15 Nov 2016
It’s a common theme we see in stories, literature, and the movies: two people in search of one another, they face obstacles that separate them, and then finally they’re united (or reunited). And we see this very clearly in the story of Zacchaeus and Jesus.
Now, we usually focus on the crowd as an obstacle, and then we look to their coming together. But how they came to be together has to be noted. Zacchaeus was “seeking to know who Jesus was.” But this is echoed later on when we see that Jesus, too, was seeking. Zacchaeus didn’t have to shout out to catch Jesus’ attention—Jesus was already looking for him.
And this is a theme that runs throughout Scripture, and throughout human history, really: God in search of his children, his lost sheep. It started in the Garden of Eden, after Adam and Eve hid themselves, and God had to go searching: “My children, where are you?” And we have the Prodigal Son, whose father “saw him from a distance,” because he was looking for his lost child. And then we have Jesus who came “to seek and to save what was lost.”

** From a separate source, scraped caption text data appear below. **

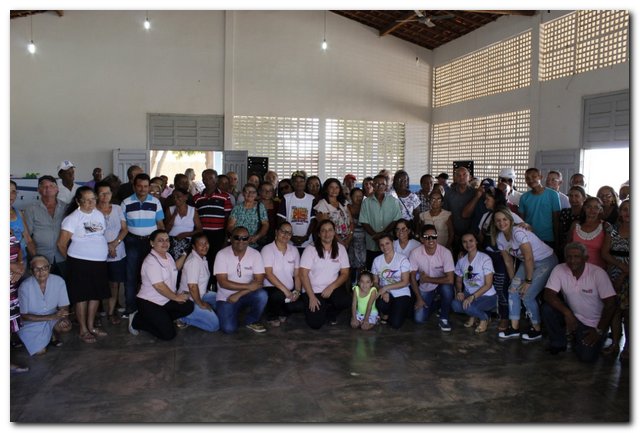 Interação entre grupo de Idosos de Santana do Piauí e Inhuma - Imagem 12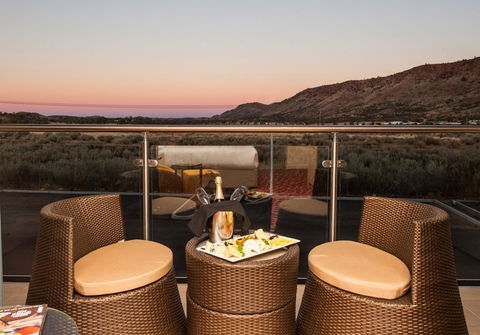 Crowne Plaza Alice Springs Lasseters, An IHG Hotel - Accommodation Daintree 22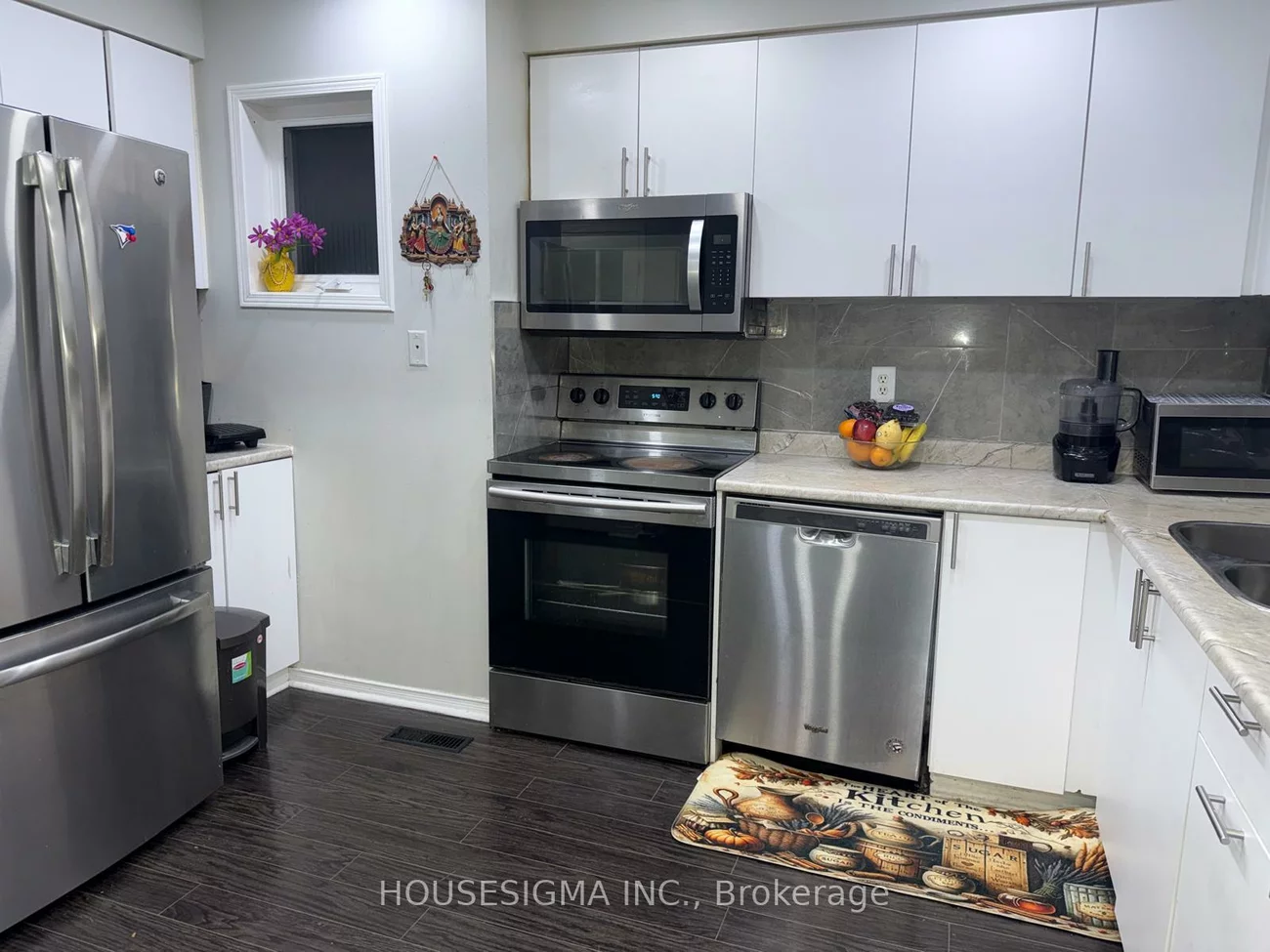 3, Sinclair, Brampton West, Brampton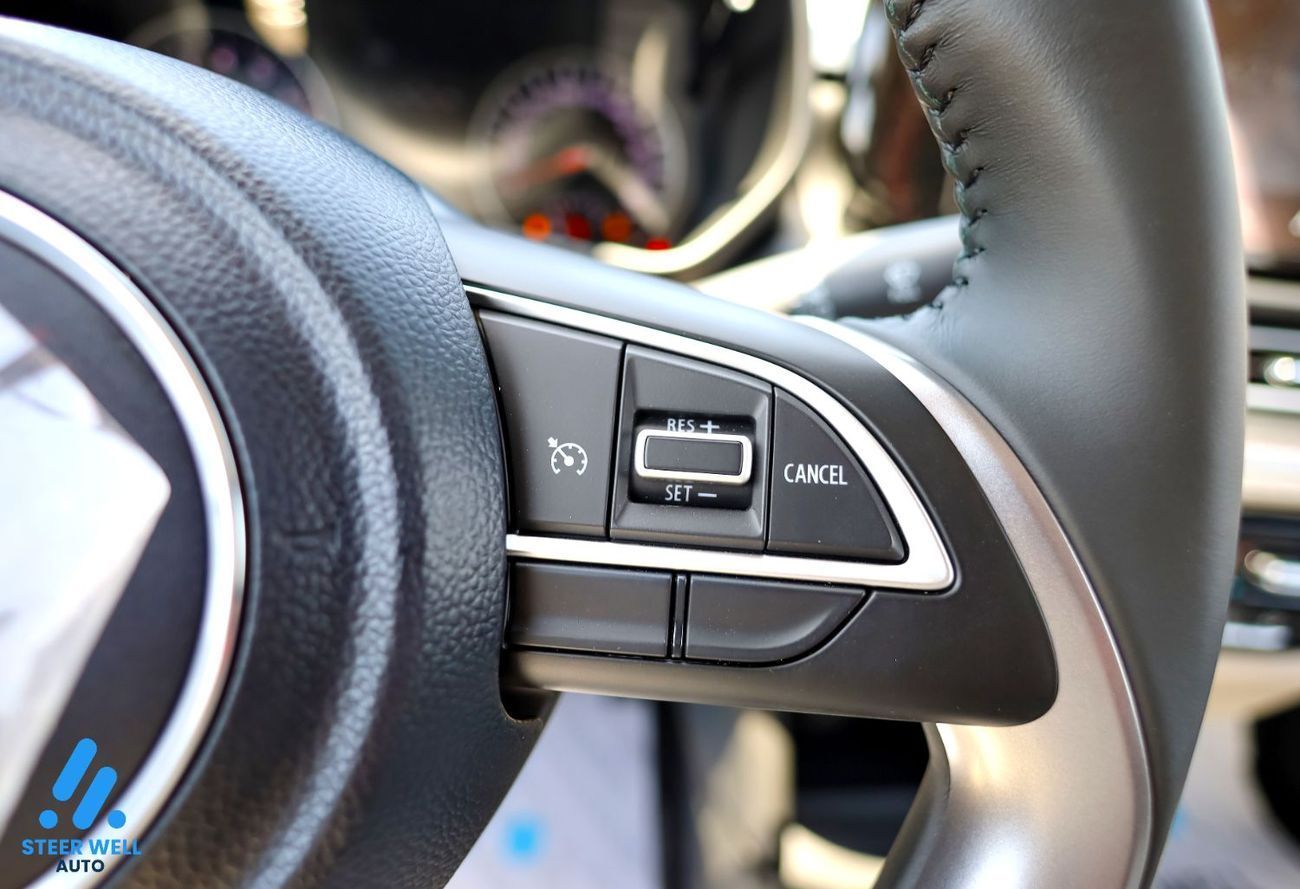 سوزوكي دزاير DZIRE HYBRID GLX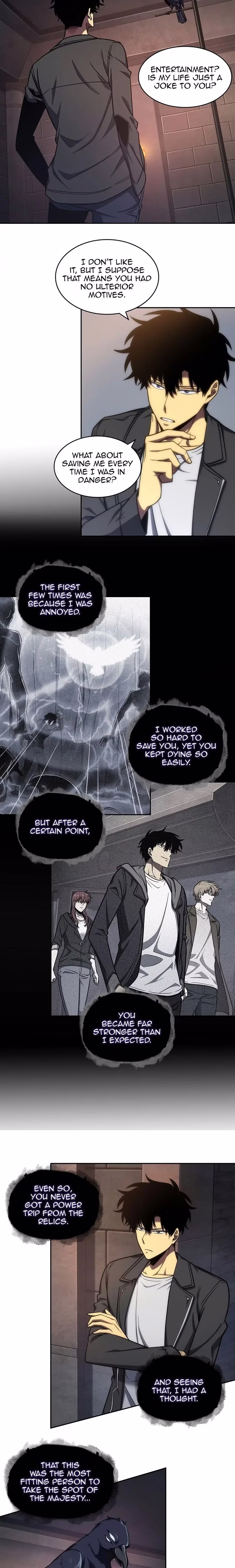 Tomb Raider King - Chapter 230 - Part 4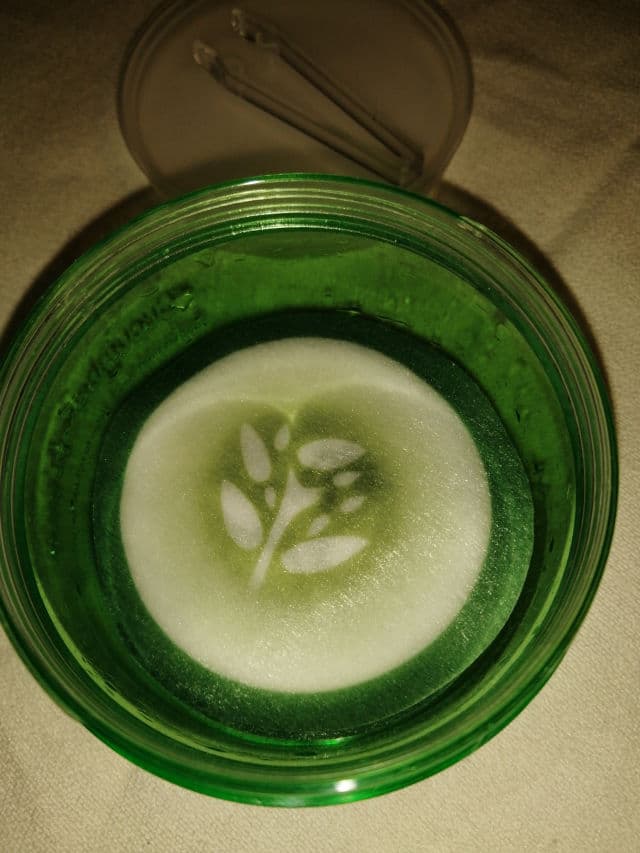 Purederm Cucumber Eye Pads review photo by beautywithdanni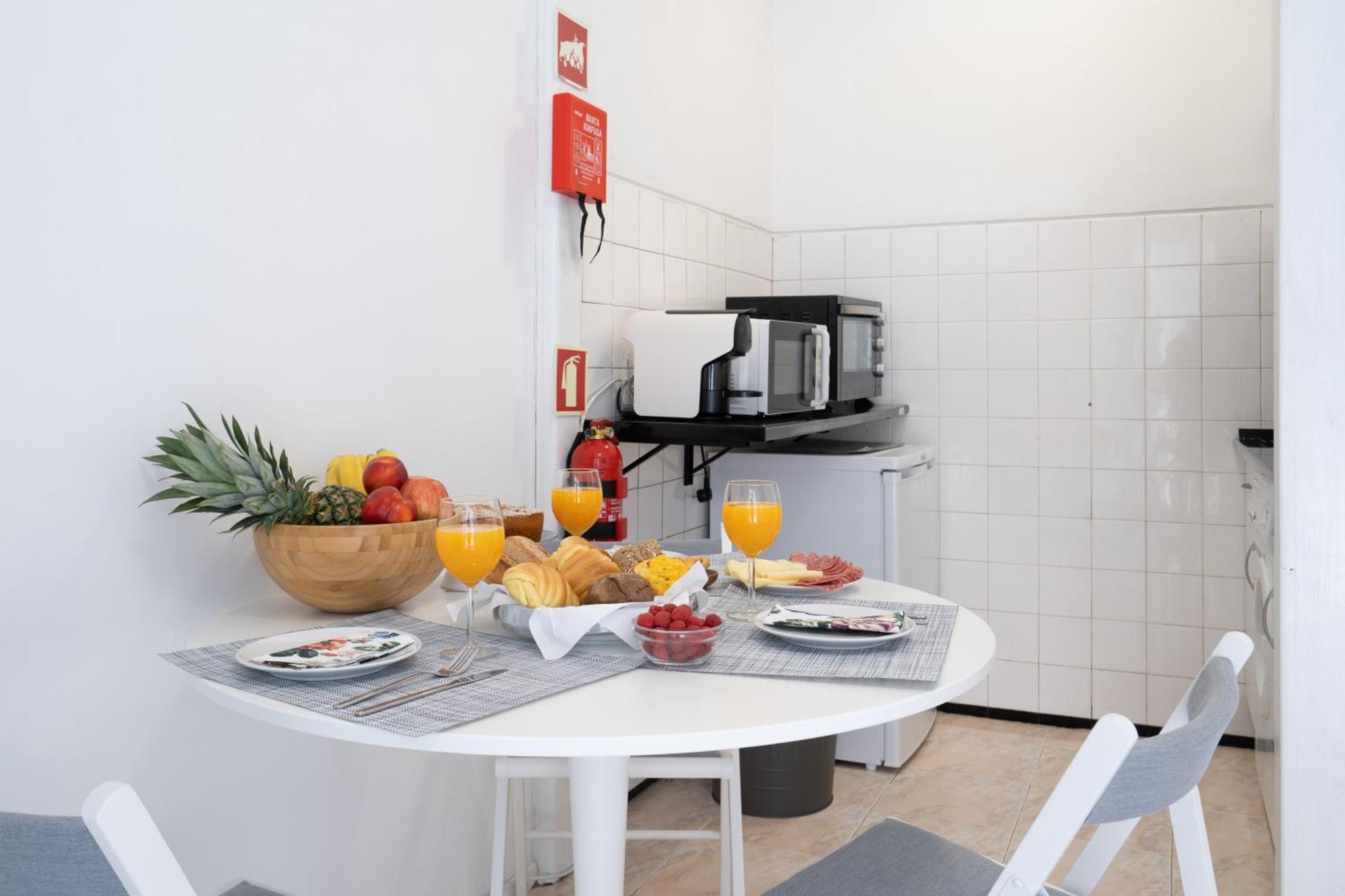 Apartmán Sweet Flats With Netflix - Bolhao City Center Porto Pokoj fotografie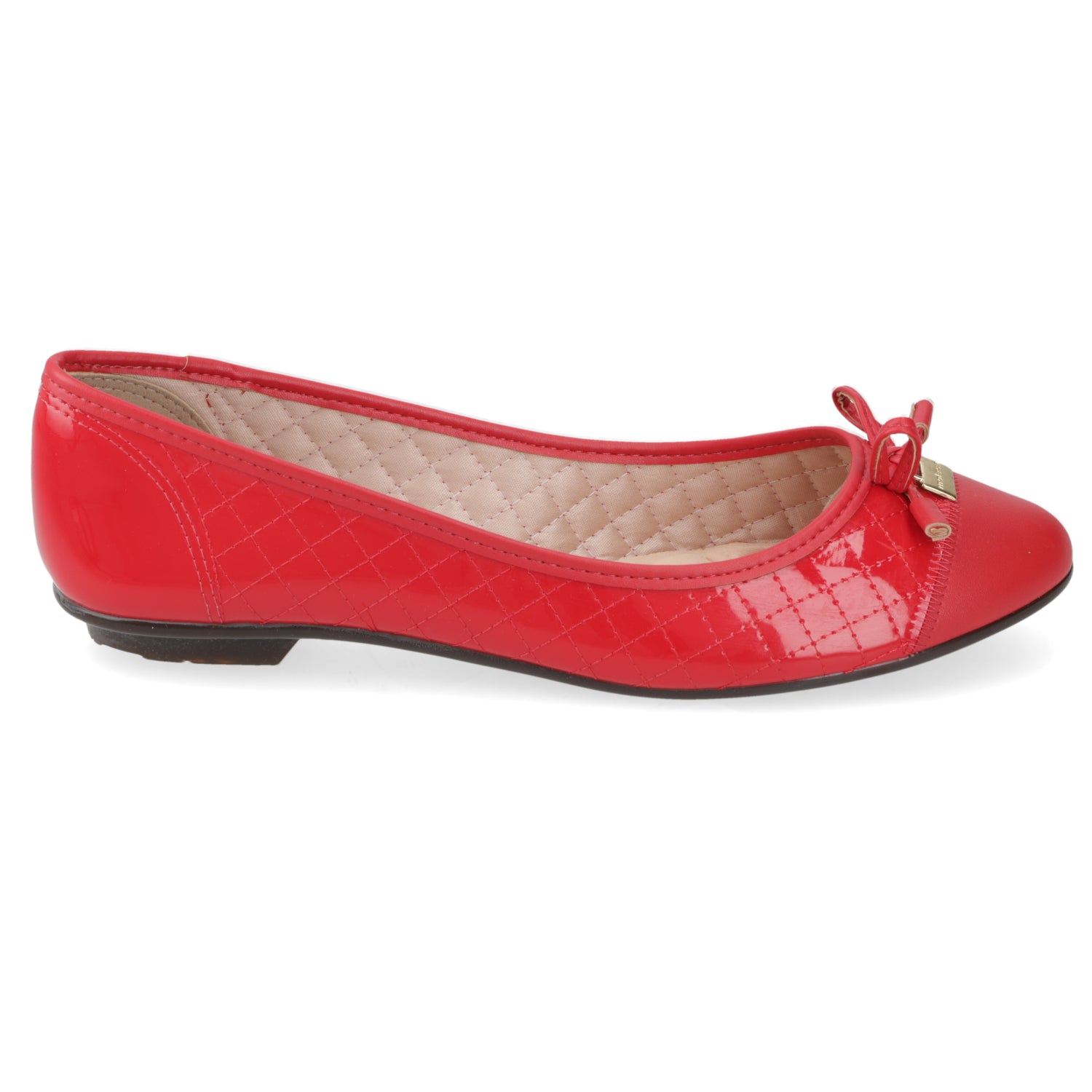 Ballerina Rojo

God is actively looking for us. But he won’t find us unless we make our hearts known to him. That’s what Zacchaeus did when he climbed the tree. That’s what Adam and Eve did when they stepped out from behind the tree. That’s what the Prodigal Son did when he turned around and went home. They were signals to God that said, “I want to be found by you, God.”
God is searching for us, always. How are we letting him know that we want to be found?